During remarks at the White House, Obama insisted that Congress has the necessary time to finish an immigration bill by the end of the year. The Senate passed sweeping legislation this summer that would provide an eventual path to citizenship for some 11 million immigrants living here illegally and would tighten border security. But the measure has languished in the GOP-led House.
"It doesn't get easier to put it off," Obama said, during an event in the East Room.
The White House was buoyed by comments this week from House Speaker John Boehner, R-Ohio, who said he was optimistic his chamber could act on immigration by year's end. But Boehner has long had trouble rallying support from the conservative wing of his caucus and it's unclear whether he can get their backing for the comprehensive bill Obama is seeking.
Most House Republicans have said they prefer a piecemeal approach to fixing the nation's fractured immigration system.
Immediately following Obama's remarks, a spokesman said Boehner was opposed to "massive" legislation that no one understands.
"The House is committed to a common sense, step-by-step approach that gives Americans confidence that reform is done the right way," spokesman Brendan Buck said. "We hope that the president will work with us - not against us - as we pursue this deliberate approach."
Obama, along with some Republican leaders, had hoped that the growing political power of Hispanics would clear the way for an immigration overhaul, a goal that has long eluded Washington. No sweeping immigration legislation has been passed since a bill co-sponsored by Wyoming Republican Sen. Alan Simpson, more recently co-chairman of the Simpson-Bowles deficit commission, was enacted in 1986.
Obama won an overwhelming majority of Hispanic voters in the 2012 presidential election and some political analysts believe that the country's shifting demographics will make it difficult for Republicans to win the White House without boosting their appeal to the Latino community.
But most tea party-backed Republicans oppose measures that would grant legal status to people already in the country illegally, even with the fines and long waiting period that would be imposed by the Senate measure.

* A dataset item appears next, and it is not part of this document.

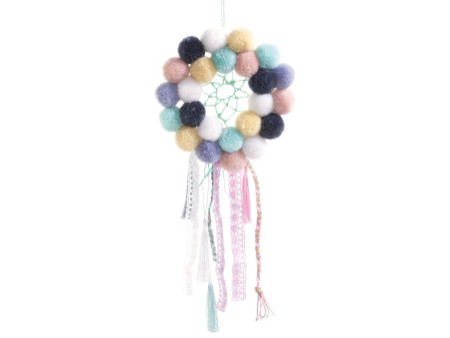 folia Pompon en laine 'Pastell', 24 pièces, assorti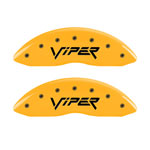 MGP 4 Caliper Covers Engraved Front Viper Rear Snake Yellow Finish Black Char 2002 Dodge Viper; 2001-2002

The recent shutdown and debt ceiling fight also fueled deeper resentment toward Obama among those lawmakers, who got virtually nothing out of the deal that was reached to reopen the government and lift the borrowing limit.
In the wake of that messy stretch for Congress, Obama urged lawmakers to see immigration has an opportunity to show the public that government can work.
"Rather than create problems, let's prove to the American people that Washington can actually solve some problems," Obama said.